= Lock Up Your Daughters (1959 film) =

1959 film by Phil Rosen

Lock Up Your Daughters is a 1959 British horror film starring Bela Lugosi as narrator. The film was produced by E.J. Fancey, using archival footage from 1940s horror films (mostly from Monogram Pictures starring Lugosi); and reportedly ran 50 minutes. Phil Rosen is credited as the film’s director. It was made in England which was the only country in which the film was ever shown. It appears to be a lost film today, sought by the BFI.

Alongside the Kinematograph Weekly review, the film was advertised in the Liverpool Echo as playing on a double bill with The Neanderthal Man. To date, no prints or press materials on the film have surfaced.

In 1950, Lugosi starred on a one-hour TV program called "Murder and Bela Lugosi" for WPIX-TV in which he was interviewed and provided commentary about a number of his old Monogram horror films, while clips from the films were shown. Historian Gary Rhodes thinks some of this "Lugosi as host" footage found its way into the 1959 British film called "Lock Up Your Daughters".

==Plot==
Details on the film’s plot are sketchy.
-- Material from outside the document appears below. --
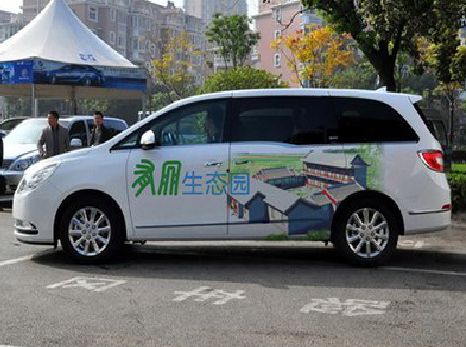 色达户外车贴喷绘如何保持效果?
A 1959 review of the film that appeared in the British trade journal Kinematography Weekly claimed that Lugosi played a "vampiric doctor who experiments on young women in order to bring back to life his lovely wife." The review states the film incorporates clips from films made earlier in Lugosi’s career, with footage featuring the Bowery Boys and "some of the great favourites of yesteryear."

Other reviews of the film claim that Lugosi served as an on-screen host narrating a series of excerpts from his older films, while there are also assertions that Lock Up Your Daughters offered cash prizes for audience members who could identify the original films referenced in this production.